Un señor anciano, a la orilla de la vereda, se nos acercó y comenzó a conversar con nosotros. “¿De dónde vienen? ¿Hace cuánto tiempo que están haciendo el Camino de Santiago? ¿Cuánto les hace falta?” De un momento a otro nos propuso rezar el rosario mientras continuábamos caminando. El ritmo del paso se redujo, pues tuvimos que adaptarnos al ritmo suyo. Mientras mis labios recitaban las Ave María, mi mente pensaba “Vamos a llegar tarde. No podremos descansar tanto”. 

Seguíamos caminando y rezando, y me puse a contemplar la escena que estaba viviendo. ¿En realidad un señor extraño se nos acercó para conversar con nosotros y para rezar? No pude evitar recordar el pasaje del evangelio según san Lucas de los discípulos de Emaús. Al igual que ellos, nosotros íbamos cansados y desesperados. Al igual que a ellos, a nosotros nos salió al encuentro un extraño que comenzó a hablarnos. Al igual que ellos, estábamos haciendo camino con él “al tercer día”.

La frustración por haber bajado las revoluciones al ritmo de la caminata desapareció. Es más, también el dolor de las piernas se redujo. Quizá lo que necesitaba no era tanto descansar recostado en la comodidad de una cama, sino simplemente caminar a un ritmo más tranquilo, contemplando los paisajes alrededor y respirando con tranquilidad. 
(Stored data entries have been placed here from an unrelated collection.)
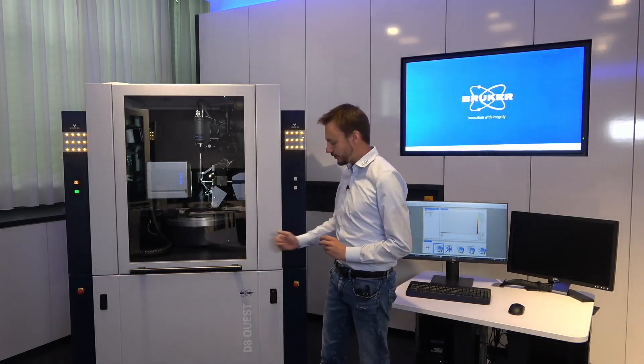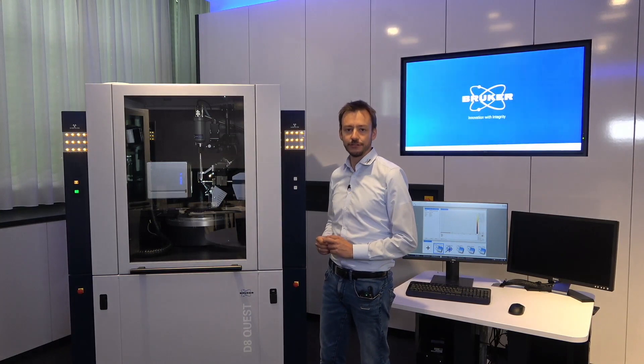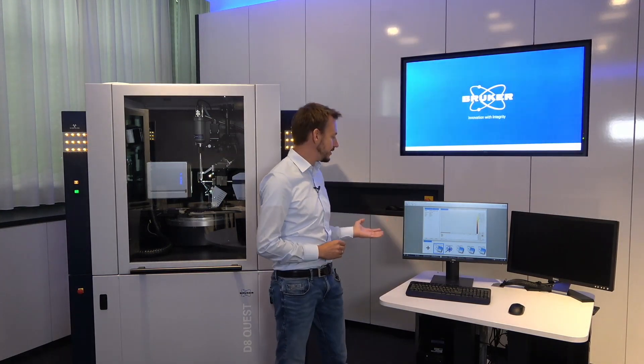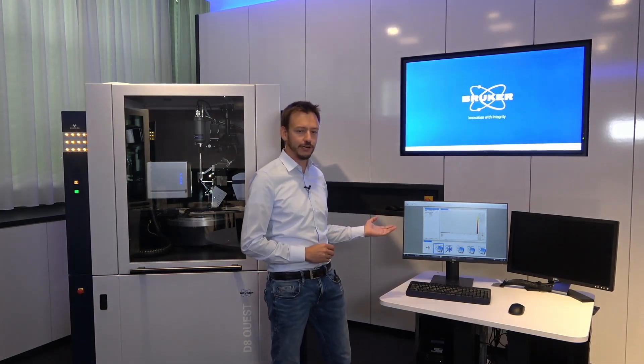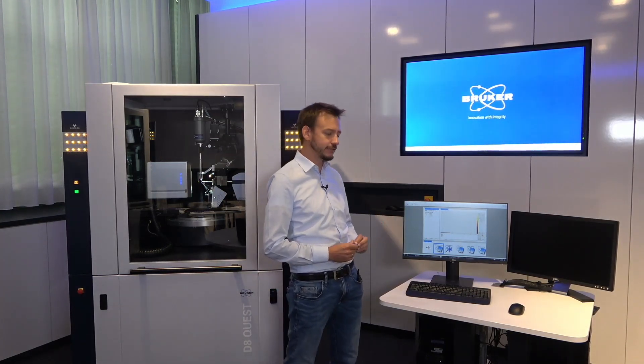All you need for this is our D8 Quest diffractometer, a control PC with our automated Structure Now software, and of course a crystalline sample.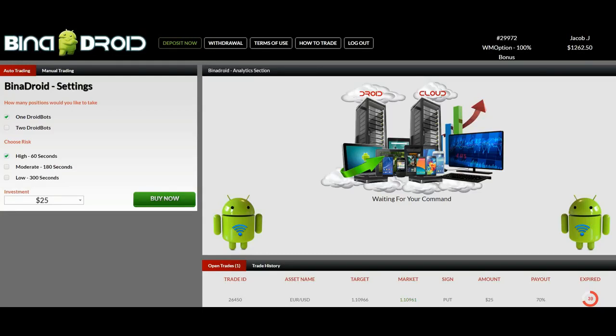From ObjectiveBinaryOptions.com. Today I would like to demonstrate how to use the BinaryDroid software. So let's have a look at the auto trading section of the software.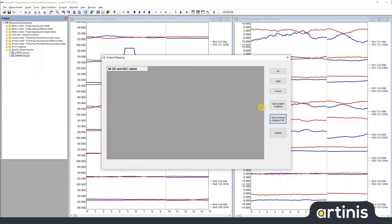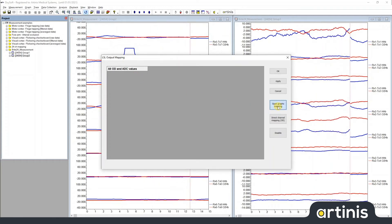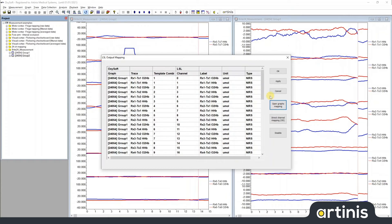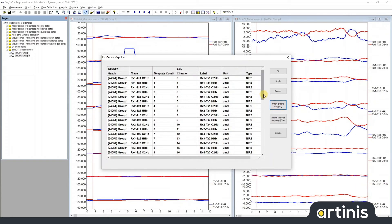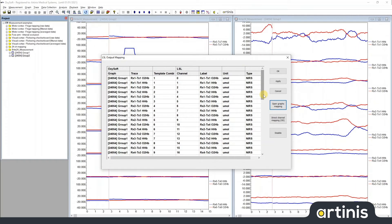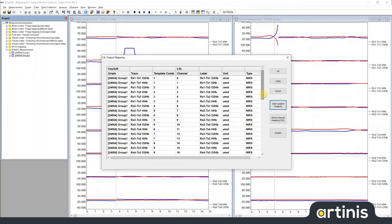The second option is so-called open graphs mapping. When you select this, you will stream the data from any currently open graphs in your measurement.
Terminamos de rezar el rosario. El señor nos agradeció por el hecho de que lo hubiéramos acompañado en el camino rezando con él. Nos compartió que era el quinto rosario que rezaba en el día, cada uno con distintos peregrinos. Lo escuchaba atento y no podía quitar de mi mente la escena de los discípulos de Emaús. Era el momento de despedirnos de nuestro compañero de camino. Antes de decirle el adiós le pregunté cómo se llamaba. Me volteó a ver, y con una sonrisa en los labios, me dijo: “Jesús”.